What is often labelled as excessively exclusionary would be described more accurately as the early Church’s knowledge and experience of God and membership in the faith community that hinges on this claim. This claim has distanced them from their prior religious home and thus it will shape their new one. These words establish boundaries; it says, "This is who we are. We are the people who believe in the God who has been revealed to us decisively in Jesus Christ". To be included in the circle of Jesus' "own," one must recognize Jesus for who he is, which means recognizing the revelation of God in him.

However, these words prove to be a problem when they are used to speak to questions that were never in the writers mind. To use these verses in a battle over the relative merits of the world's religions is to distort their intention. It is dangerous and destructive to cite them as the final arbiter in discussions of the relative merits of different religions' experiences and understanding of God. The Fourth Gospel is not concerned with the fate, of Muslims, Hindus or Buddhists, nor with the superiority or inferiority of Judaism and Christianity as they are configured in the modern world. These verses are the celebratory words of a particular faith community, convinced of the truth and life it has received through Jesus. The writer’s primary concern was the clarification and celebration of what it means to believe in Jesus. This theological vision expresses the distinctiveness of Christian identity and it is as people shaped by this distinctiveness that Christians can take their place in conversations about world religion.

When one excludes the questions that contemporary Christians falsely import into these verses, there is nothing outrageous or offensive about the claims made here. Rather, at the heart of Christianity is this affirmation of the decisive revelation of God in the Jesus the Christ. These verses can thus be read as the core claim of Christian identity; what distinguishes Christians from peoples of other faiths is the conviction that through Jesus that Christians have access to their God as Father.

On one occasion when Billy Graham spoke at Harvard University he spoke to the prestigious JFK Forum at the Kennedy School of Government.

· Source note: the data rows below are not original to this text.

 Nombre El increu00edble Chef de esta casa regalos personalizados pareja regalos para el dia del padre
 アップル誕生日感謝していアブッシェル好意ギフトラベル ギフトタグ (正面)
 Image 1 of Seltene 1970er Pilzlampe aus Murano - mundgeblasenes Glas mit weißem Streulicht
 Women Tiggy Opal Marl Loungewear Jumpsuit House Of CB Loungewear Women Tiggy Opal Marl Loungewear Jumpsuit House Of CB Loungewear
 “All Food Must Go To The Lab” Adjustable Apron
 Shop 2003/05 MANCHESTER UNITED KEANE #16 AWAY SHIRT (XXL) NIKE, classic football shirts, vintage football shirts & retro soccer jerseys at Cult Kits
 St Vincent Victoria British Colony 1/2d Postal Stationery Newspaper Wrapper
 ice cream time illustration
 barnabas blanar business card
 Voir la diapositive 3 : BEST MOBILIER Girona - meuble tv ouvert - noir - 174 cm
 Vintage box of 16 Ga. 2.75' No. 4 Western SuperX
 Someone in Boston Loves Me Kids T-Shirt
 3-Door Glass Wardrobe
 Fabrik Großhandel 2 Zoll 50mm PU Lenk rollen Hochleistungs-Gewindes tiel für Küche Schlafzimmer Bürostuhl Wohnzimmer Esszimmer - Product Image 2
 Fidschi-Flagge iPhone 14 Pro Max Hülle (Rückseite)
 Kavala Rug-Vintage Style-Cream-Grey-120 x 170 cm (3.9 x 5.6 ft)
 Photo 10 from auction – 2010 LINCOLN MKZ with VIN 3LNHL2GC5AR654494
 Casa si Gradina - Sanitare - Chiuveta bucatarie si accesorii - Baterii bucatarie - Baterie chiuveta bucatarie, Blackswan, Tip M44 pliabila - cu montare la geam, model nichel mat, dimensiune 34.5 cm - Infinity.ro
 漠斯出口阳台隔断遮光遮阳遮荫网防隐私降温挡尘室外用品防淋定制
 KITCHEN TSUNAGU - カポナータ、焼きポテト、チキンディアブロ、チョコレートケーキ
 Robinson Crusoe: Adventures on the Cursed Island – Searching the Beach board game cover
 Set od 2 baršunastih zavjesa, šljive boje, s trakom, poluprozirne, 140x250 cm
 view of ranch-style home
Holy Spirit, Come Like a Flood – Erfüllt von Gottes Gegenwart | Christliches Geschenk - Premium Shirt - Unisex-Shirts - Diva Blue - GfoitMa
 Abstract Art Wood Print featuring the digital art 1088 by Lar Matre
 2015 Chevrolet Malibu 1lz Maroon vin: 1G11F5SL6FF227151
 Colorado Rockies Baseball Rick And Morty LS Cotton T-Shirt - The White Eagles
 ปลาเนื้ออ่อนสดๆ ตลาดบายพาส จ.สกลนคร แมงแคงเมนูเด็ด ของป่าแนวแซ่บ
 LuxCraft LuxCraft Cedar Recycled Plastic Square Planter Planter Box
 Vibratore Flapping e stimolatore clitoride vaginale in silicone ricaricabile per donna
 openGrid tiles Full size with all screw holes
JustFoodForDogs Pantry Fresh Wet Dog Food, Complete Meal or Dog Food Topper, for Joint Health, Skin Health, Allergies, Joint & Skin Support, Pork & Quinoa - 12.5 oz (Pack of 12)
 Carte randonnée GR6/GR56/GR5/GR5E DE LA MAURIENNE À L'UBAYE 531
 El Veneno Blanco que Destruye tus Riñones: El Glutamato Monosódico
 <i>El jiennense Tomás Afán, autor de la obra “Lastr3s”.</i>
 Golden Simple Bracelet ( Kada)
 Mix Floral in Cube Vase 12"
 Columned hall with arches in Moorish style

After his address, he turned to the audience for questions. All the Christian triumphalists had shown up for their man and their night at Harvard. One young believer stood up and asked Dr. Graham, "Since Jesus said 'I am the way, the truth and the life, and no man cometh to the Father but by me,' doesn't that mean people from other religions, Jews and the rest, are going to hell?" Dr Graham replied, "I'm sure glad that God is the judge of people's hearts and not me! And I trust God to decide those questions justly and mercifully." The student was disappointed and pressed further, "Well, what do you think God will decide?" Graham demurred, "Well, God doesn't really ask my advice on those matters." Another questioner started again, "Well, what about those who aren't even monotheists, like the Buddhists?" Graham, replied, "You know, I've been to some Buddhist countries, and so many of the people I met seem to live more like Jesus than too many Christians I've seen."

Those who believe that Jesus is the Son of God, the Way the Truth and the Life, the Way to the Father and the Word should be the most loving, compassionate, forgiving, welcoming, peaceful, and hungry for justice people around just like Jesus. Unfortunately, it's not always exactly so. Those who do not belive in Jesus as the way to the Father need to see in us what we belive so that they will better see God.

Let us lift our game. Remember the Spirt is coming to assist us. We need all the help we can get.